Vikram And The Vampire – 4
“Listen, great king!” again began the Baital.
An unimportant Baniya (trader), Hiranyadatt, had a daughter, whose name was Madansena Sundari, the beautiful army of Cupid. Her face was like the moon; her hair like the clouds; her eyes like those of a muskrat; her eyebrows like a bent bow; her nose like a parrot’s bill; her neck like that of a dove; her teeth like pomegranate grains; the red colour of her lips like that of a gourd; her waist lithe and bending like the pards: her hands and feet like softest blossoms; her complexion like the jasmine- in fact, day by day the splendour of her youth increased.
When she had arrived at maturity, her father and mother began often to resolve in their minds the subject of her marriage. And the people of all that country side ruled by Birbar king of Madanpur bruited it abroad that in the house of Hiranyadatt had been born a daughter by whose beauty gods, men, and munis (sages) were fascinated.
Thereupon many, causing their portraits to be painted, sent them by messengers to Hiranyadatt the Baniya, who showed them all to his daughter. But she was capricious, as beauties sometimes are, and when her father said, “Make choice of a husband thyself,” she told him that none pleased her, and moreover she begged of him to find her a husband who possessed good looks, good qualities, and good sense.
At length, when some days had passed, four suitors came from four different countries. The father told them that he must have from each some indication that he possessed the required qualities; that he was pleased with their looks, but that they must satisfy him about their knowledge.

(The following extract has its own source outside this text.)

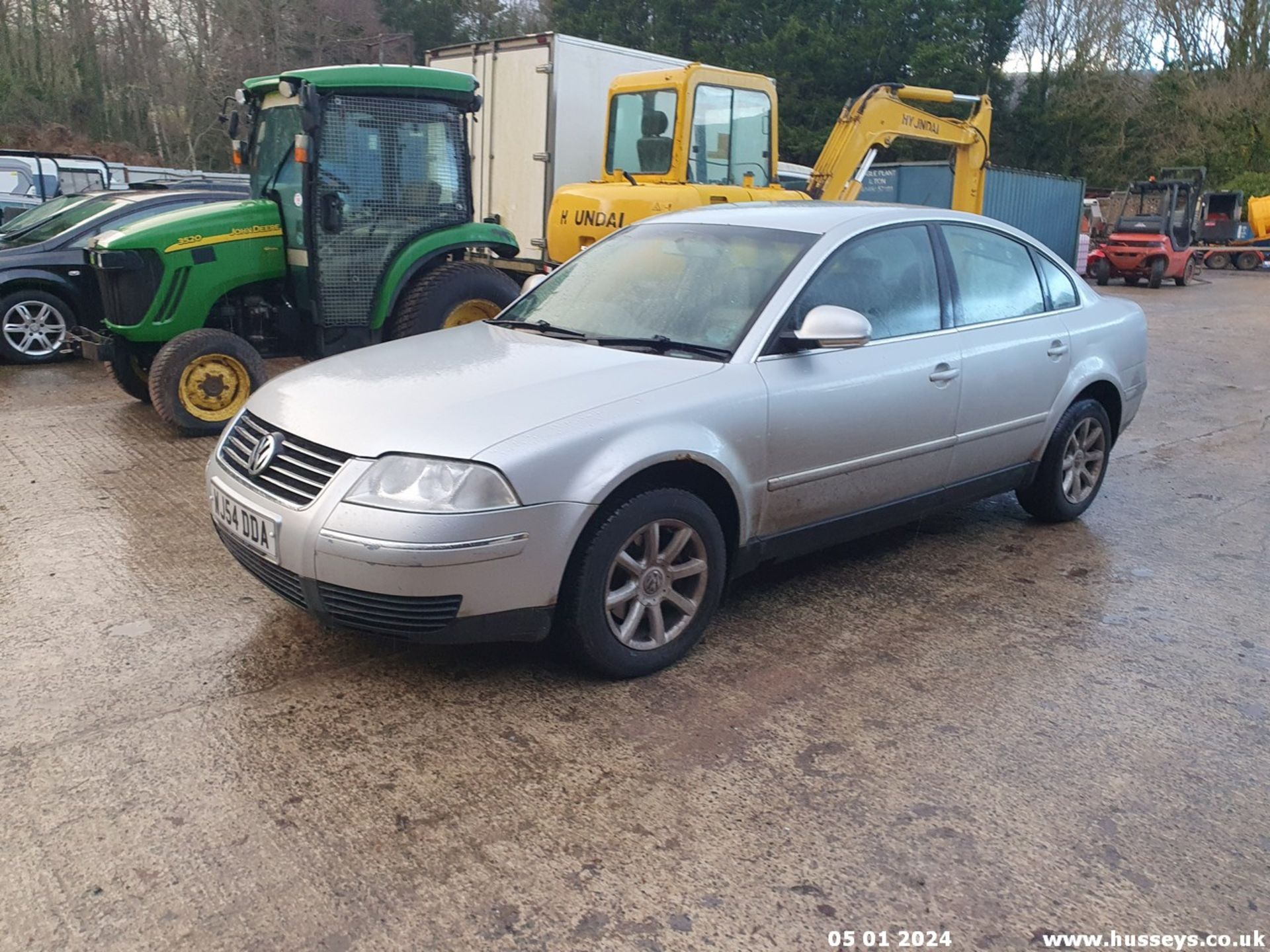 04/54 VOLKSWAGEN PASSAT HIGHLINE TDI 100 - 1896cc 4dr Saloon (Silver, 222k) - Image 2 of 51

“I have,” the first said, “a perfect acquaintance with the Shastras (or Scriptures); in science there is none to rival me. As for my handsome mien, it may plainly be seen by you.”
The second exclaimed, “My attainments are unique in the knowledge of archery. I am acquainted with the art of discharging arrows and killing anything which though not seen is heard, and my fine proportions are plainly visible to you.” The third continued, “I understand the language of land and water animals, of birds and of beasts, and I have no equal in strength. Of my comeliness you yourself may judge.”